What do you mean with multiple PRs? Here is only one PR and only one issue number.

asfimport commented 5 years ago

Koen De Groote (@KoenDG) (migrated from JIRA)

There is currently only 1 PR, which is limited to the subject of the stringbuilder vs regular concat, for reasons of clarity.

It was and is my intent to make a few more where it seems realistic and useful to do so, for other subjects.

 

I should then continue to reference this ticket and not make a new one?

 

asfimport commented 5 years ago

Uwe Schindler (@uschindler) (migrated from JIRA)
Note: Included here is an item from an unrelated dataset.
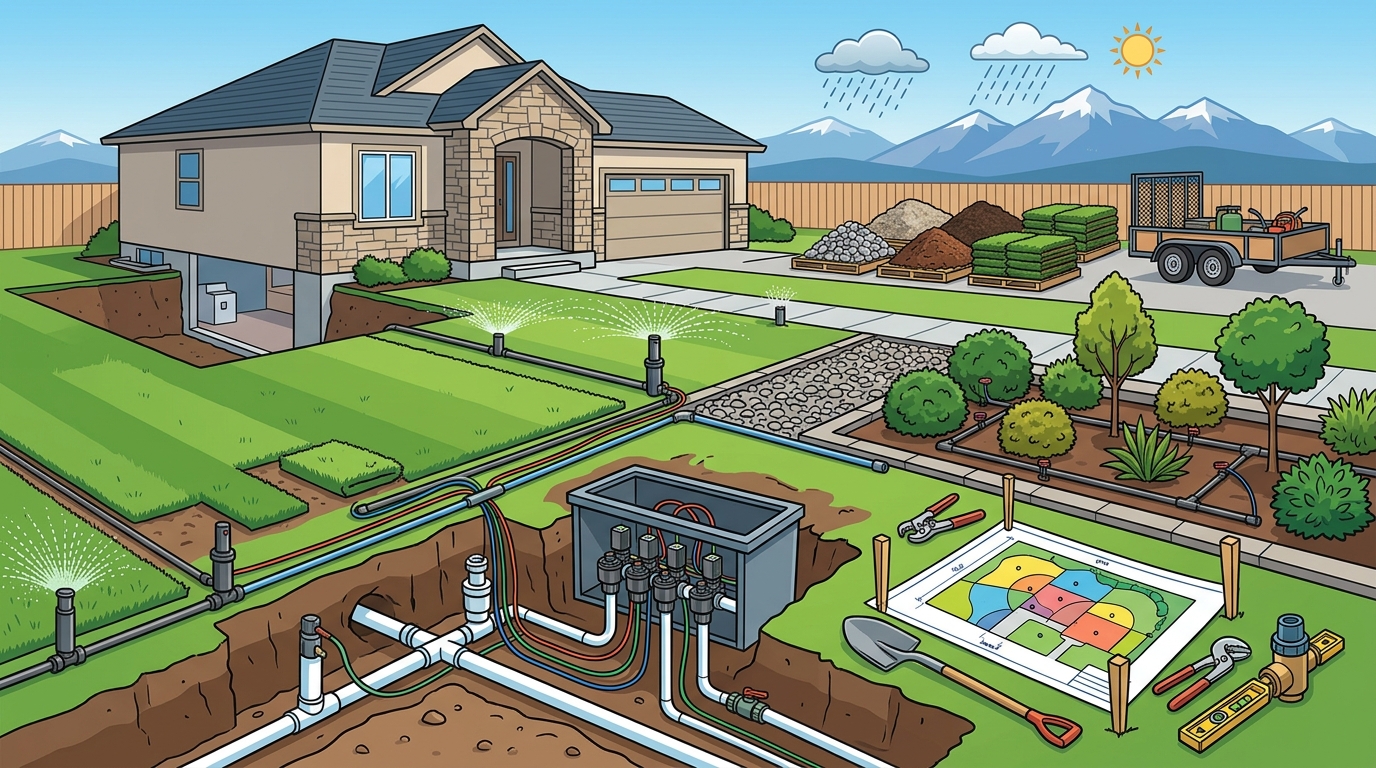 Residential Irrigation And Landscape Installation In Denver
If it's about something else, open a new issue. I already changed the issue subject to clarify what it's doing. The pull requests are just part of an issue, normally they won't be mentioned in the changes list.

JIRA: If it's something about Lucene and Solr, use LUCENE; if it's only about Solr, open in SOLR.

asfimport commented 5 years ago

ASF subversion and git services (migrated from JIRA)

Commit 67104dd615c82de64839de60418110211438f574 in lucene-solr's branch refs/heads/master from Koen De Groote https://gitbox.apache.org/repos/asf?p=lucene-solr.git;h=67104dd

LUCENE-8847: Code Cleanup: Rewrite StringBuilder.append with concatted strings (#707)

This specific commit affects all points in the casebase where the argument of a StringBuilder.append() call is itself a regular String concatenation. This defeats the purpose of using StringBuilder and also introduces an extra alloction. These changes should avoid that.

ant tests have run, succeeded on local machine.

Removing test files from the changes.

Another suggested rework.

asfimport commented 5 years ago

Uwe Schindler (@uschindler) (migrated from JIRA)

I cherry picked the commit to branch_8x. Will do the usual maintenance checks to ensure nothing breaks. At least it applied cleanly.

asfimport commented 5 years ago

Varun Thacker (@vthacker) (migrated from JIRA)

Thanks Uwe!

asfimport commented 5 years ago

ASF subversion and git services (migrated from JIRA)

Commit 8b6a0d0964e74206a7dd0a7c321618197c53a391 in lucene-solr's branch refs/heads/branch_8x from Koen De Groote https://gitbox.apache.org/repos/asf?p=lucene-solr.git;h=8b6a0d0

LUCENE-8847: Code Cleanup: Rewrite StringBuilder.append with concatted strings (#707)

This specific commit affects all points in the casebase where the argument of a StringBuilder.append() call is itself a regular String concatenation. This defeats the purpose of using StringBuilder and also introduces an extra alloction. These changes should avoid that.

ant tests have run, succeeded on local machine.

Removing test files from the changes.

Another suggested rework.

asfimport commented 5 years ago

Uwe Schindler (@uschindler) (migrated from JIRA)

Thanks @KoenDG

asfimport commented 5 years ago

ASF subversion and git services (migrated from JIRA)

Commit 21b0892d3876b865546604eaf718fe0b1de23446 in lucene-solr's branch refs/heads/branch_8x from Adrien Grand https://gitbox.apache.org/repos/asf?p=lucene-solr.git;h=21b0892

LUCENE-8847: Fix typo in CHANGES.

asfimport commented 5 years ago

ASF subversion and git services (migrated from JIRA)

Commit 7c5247c60c4461a4817f4de942a7a18d892e8243 in lucene-solr's branch refs/heads/master from Adrien Grand https://gitbox.apache.org/repos/asf?p=lucene-solr.git;h=7c5247c

LUCENE-8847: Fix typo in CHANGES.

asfimport commented 5 years ago

Ignacio Vera (@iverase) (migrated from JIRA)

Closing after the 8.2.0 release